Throughout history, the United States has signed hundreds of treaties with tribal nations across North America.
The Treaty of 1855 created the Warm Springs Reservation on a small fraction of the tribes’ original 10 million-acre territory. Oregon became a state in 1859, in part, by using that land.
“You watch on TV, the wild West, where you’ve got the black hat guys and the white hat guys having a showdown at high noon. ... No. The story of the West is very boring. It’s land. And the cutting up of land.

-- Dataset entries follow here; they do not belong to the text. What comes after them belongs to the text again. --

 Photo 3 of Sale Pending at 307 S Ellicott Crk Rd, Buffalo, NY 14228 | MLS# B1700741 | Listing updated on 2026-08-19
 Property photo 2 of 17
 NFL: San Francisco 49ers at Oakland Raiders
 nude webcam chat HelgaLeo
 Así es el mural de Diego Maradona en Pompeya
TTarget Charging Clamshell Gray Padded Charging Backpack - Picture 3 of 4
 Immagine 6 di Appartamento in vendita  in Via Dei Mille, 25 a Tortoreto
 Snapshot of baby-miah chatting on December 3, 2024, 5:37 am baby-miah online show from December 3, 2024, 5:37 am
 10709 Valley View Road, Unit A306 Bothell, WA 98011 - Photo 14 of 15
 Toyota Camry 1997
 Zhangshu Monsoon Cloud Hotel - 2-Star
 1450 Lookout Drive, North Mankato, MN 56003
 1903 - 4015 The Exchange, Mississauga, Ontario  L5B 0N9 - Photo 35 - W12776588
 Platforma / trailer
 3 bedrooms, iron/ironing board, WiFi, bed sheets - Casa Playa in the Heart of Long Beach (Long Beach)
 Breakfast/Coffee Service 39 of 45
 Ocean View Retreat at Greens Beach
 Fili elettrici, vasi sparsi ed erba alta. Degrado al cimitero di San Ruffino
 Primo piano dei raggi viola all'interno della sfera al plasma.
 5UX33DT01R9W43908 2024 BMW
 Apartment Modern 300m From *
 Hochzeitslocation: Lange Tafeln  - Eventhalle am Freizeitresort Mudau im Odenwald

The owners of 10 million acres here were the Warm Springs and Wasco tribes,” Pitt said.
In 1855, tribal leaders moved to the reservation, while retaining rights to fish, hunt and gather plants at their “usual and accustomed stations.” Pitt said that 166 years later, the provision remains an important legal tool to protect a way of life, and natural resources.
“Some species of salmon are at the lowest point they’ve ever been. Development all around us has taken up the root areas, the berry areas. … Recreation is always something that really adversely affects our right to get to places,” he said.
On the anniversary of the 1855 treaty, Pitt said, remembering the tribes’ history in the now state of Oregon is essential.
“Don’t forget. We gave them 10 million acres, 13 different counties, one sixth of Oregon,” Pitt said. “Isn’t that worth something?”